Lettre de Saint-Évremond au comte de Lionne (« J’aurois à vous faire de grandes excuses… »)
Œuvres mêlées de Saint-Évremond, Texte établi par Charles GiraudJ. Léon Techener filstome III (p. 65-67).


XX.

AU MÊME.

J’aurois à vous faire de grandes excuses de ne vous pas envoyer ce que vous ai promis, s’il en valoit la peine. Je suis ingénieux à différer l’ennui que mes bagatelles vous peuvent donner ; et c’est une marque d’amitié que je vous donne assez délicate ; cependant je passerai pardessus votre intérêt et le mien, pour vous envoyer les pièces que je fais copier présentement. J’en adresse une à M. Vossius, mon ami de lettres, et avec qui il y a plus à apprendre qu’avec homme que j’aie vu en ma vie. Je vous dirai cependant que j’écris aux gens de guerre et de cour, comme un bel esprit et un savant ; et que je vis avec les savants, comme un homme qui a vu la guerre et le monde.
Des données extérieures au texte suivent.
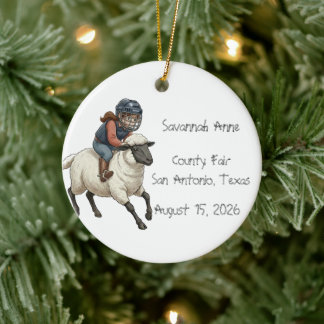 Adorno De Cerámica Chicas de Rodeo Personalizadas de Mutton Bustin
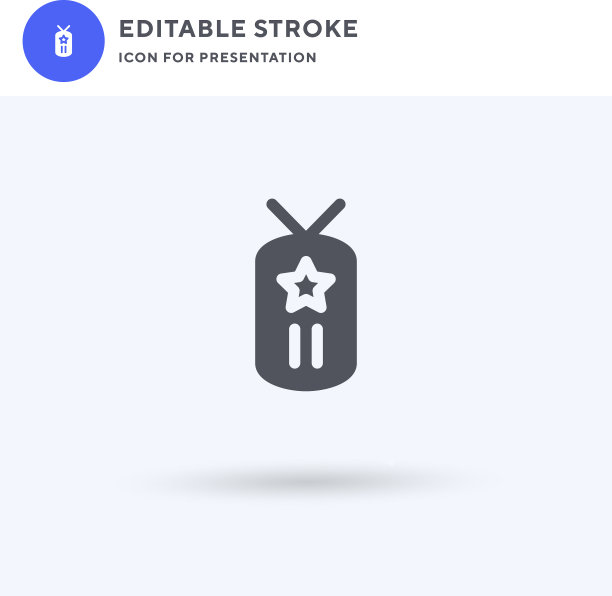 军事图标充满了平坦的实心标志图片下载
Pour la confession galante de ma faute dont vous me parlez, je n’aurois pas manqué de la faire, si j’avois eu dessein de faire voir ce que vous m’avez volé. Personne ne sait mieux que vous combien cela étoit éloigné de ma pensée. Vous me ferez plaisir de me faire savoir si je dois espérer quelque retour en France, ou si je me dois résoudre à habiter le reste de mes jours les pays étrangers. L’espérance est la source, ou du moins une des premières causes de l’inquiétude ; et l’inquiétude n’est supportable qu’en amour, où elle a même des plaisirs, puisque, comme vous savez,

Amour,
Tous les autres plaisirs ne valent pas tes peines !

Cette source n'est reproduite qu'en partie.